В данный момент Симоновский вместе с Турским издавал в Швейцарии газету «Свобода». Глупее этой газеты еще не бывало за границей, но так как она давала деньги (пожертвованные), то Турскому с Симоновским ничего больше и не требовалось. Эмигранты покрупнее сторонились этой компании, хотя, кажется, кончили тем, что и их признали. Симоновского этого иные тоже называли шпионом, но я этого не думаю: едва ли ему это нужно было. Во всяком случае, через свою Дору, а затем Каро и Эспера он проникал в мир эмигрантов, куда бы его самого по себе не пустили по случаю его позорного поведения в Одессе. Коган был гимназистом в Одессе, когда туда явилась проповедовать революцию «знаменитая» Вера Фигнер. Фигнер сама по себе была очень милая и до мозга костей убежденная террористка. Увлекала она людей много, больше своей искренностью и красотой. Но, собственно, она ровно ничего не смыслила в людях, в голове ее был большой сумбур, и, как заговорщица, она хороша была только в руках умных людей (как А. Михайлов или Желябов). «Старые» деятели терроризма пришли бы в ужас от одной мысли, что Фигнер руководит делами.
Так вот, Коган на каком-то собрании произнес речь, которая восхитила Веру Фигнер, и она провозгласила его будущим великим человеком. Он был просто глуповат, хотя весьма красив и, как всякий еврей, все же достаточно умел быть шарлатаном.
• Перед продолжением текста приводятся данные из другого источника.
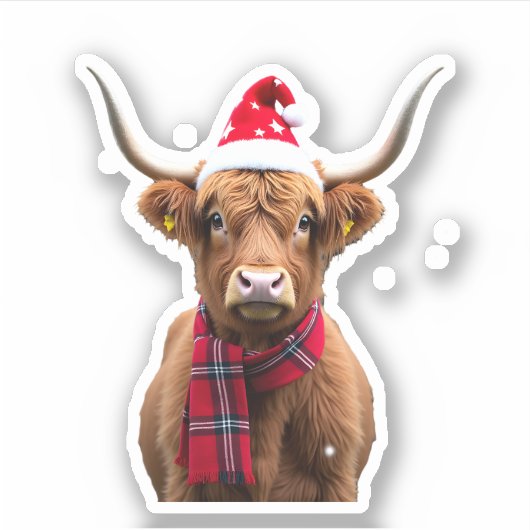 Boho Xmas Christmas Highland Cow T-Shirt (4) Sticker (Voorkant)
Превознесенный Верой Фигнер, он некоторое время первенствовал на сходках мальчишек, ею собранных. Затем наступил, конечно, поголовный арест деятелей, и вся эта дрянь, навербованная Фигнер, перетрусила, начала выдавать друг друга. Позорнее всех вел себя Коган, так что за чистосердечным раскаянием выпущен даже на поруки. Тогда он удрал за границу и, очутившись в безопасности, немедленно написал в Одессу прокурору крайне дерзкое письмо, полное выражения возвышенных революционных чувств. Говорят, оно очень позабавило прокурора: «Вишь, мерзавец, какой храбрый стал...» Так вот каков был герой и нынешний [53] издатель «Свободы».
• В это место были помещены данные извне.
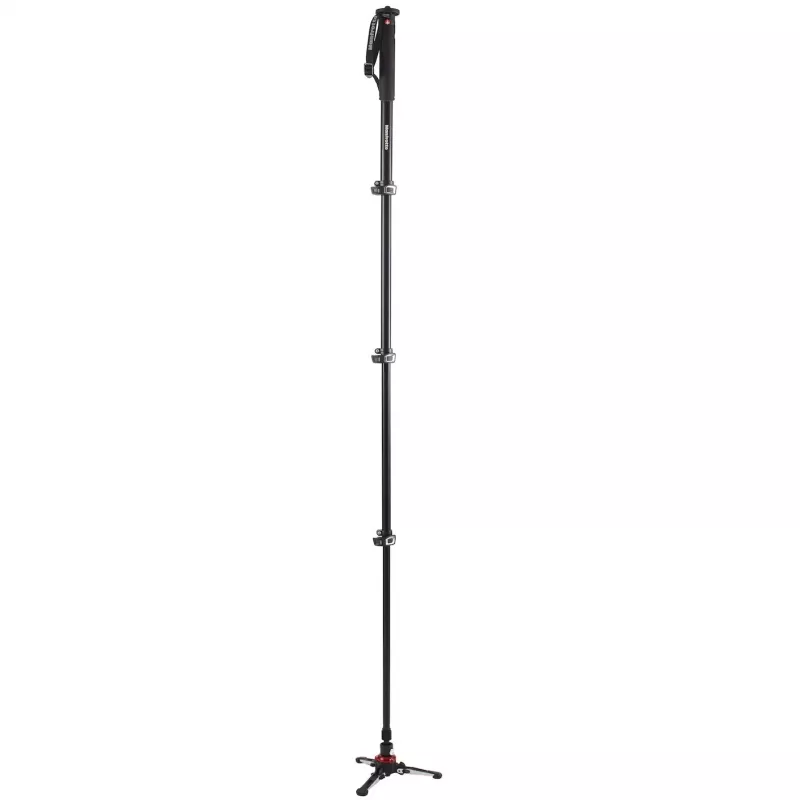 Manfrotto MVMXPROA4 XPRO Monopod+ monopié de vídeo de aluminio de 4 secciones con base FluidTech, negro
Около меня он холуйствовал все время, буквально как лакей, так что противно было, и, между прочим, написал в честь мою стихотворение в «Общем деле»:
Нет, он не Герцен, он другой,Еще неведомый избранник... —и так далее, называя меня учителем и тому подобное. Это было так мерзко, что меня, а также М. Н. Полонскую просто тошнило.